Charlotte Jewish family receives letter apologizing for Holocaust

CHARLOTTE, N.C. — A Charlotte woman and her family received a letter that took them back more than 80 years -- to a time when their relatives suffered in Germany during the Holocaust.

“I am deeply ashamed of what us Germans did to yourself, your family,” Judy August said as she read the letter that her family received out of the blue.

[READ: Letter to Charlotte family]

August is of Jewish descent and her ancestors were terrorized during Adolf Hitler’s reign in the 1930s.

“There was a lot of fear in the Jewish community.
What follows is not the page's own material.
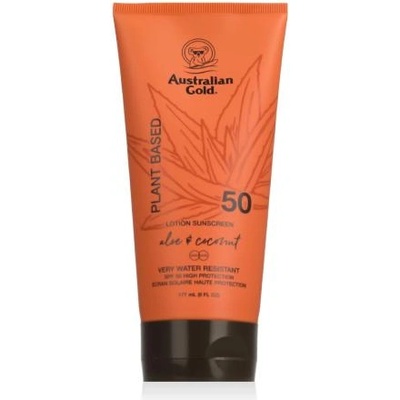 Australian Gold Plant Based Aloe & Coconut Lotion Sunscreen SPF50 водоустойчив слънцезащитен крем 177 ml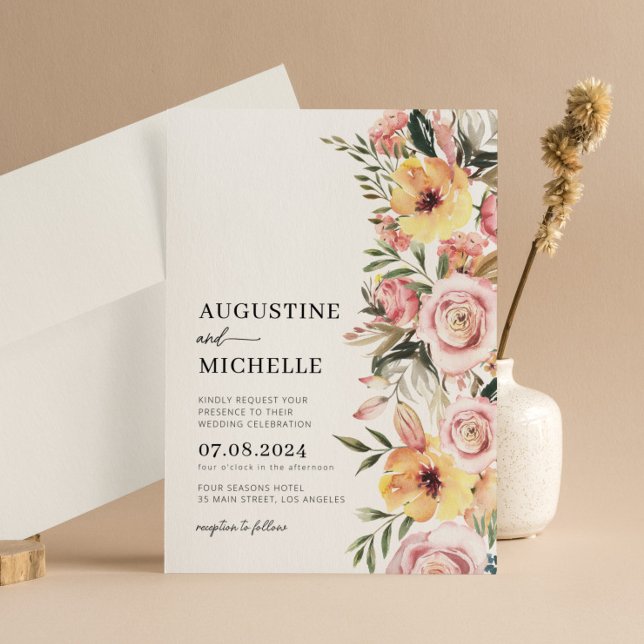 Pink & Yellow Watercolor Floral Spring Wedding Invitation (Creator Uploaded)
Temples burned, people were killed,” August said.

August’s grandparents’ home in Nuremberg was taken, so it was shocking, all these years later, to receive a note from the granddaughter of Nazi sympathizers who were “given” the house.

“I felt like I was punched in the stomach,” August said. “Still to this moment I get emotional thinking about what it meant for our family.”

August said he uncle wrote back with words of love and forgiveness. She said she hopes to connect with the author of the letter.

“Whether she comes here or I go there, I’m sure that we will meet,” August said.

August runs the Butterfly Project, a Holocaust remembrance program, at the Jewish Community Center of Charlotte. It educates people so the painful past does not repeat itself.

[Levine JCC Butterfly Project]

“That allows school groups to come to the Levine JCC and go beyond the facts and figures of the Holocaust,” August said.

There is a memorial at the center for the 1.5 million children who perished. Each butterfly on the memorial represents a specific child lost.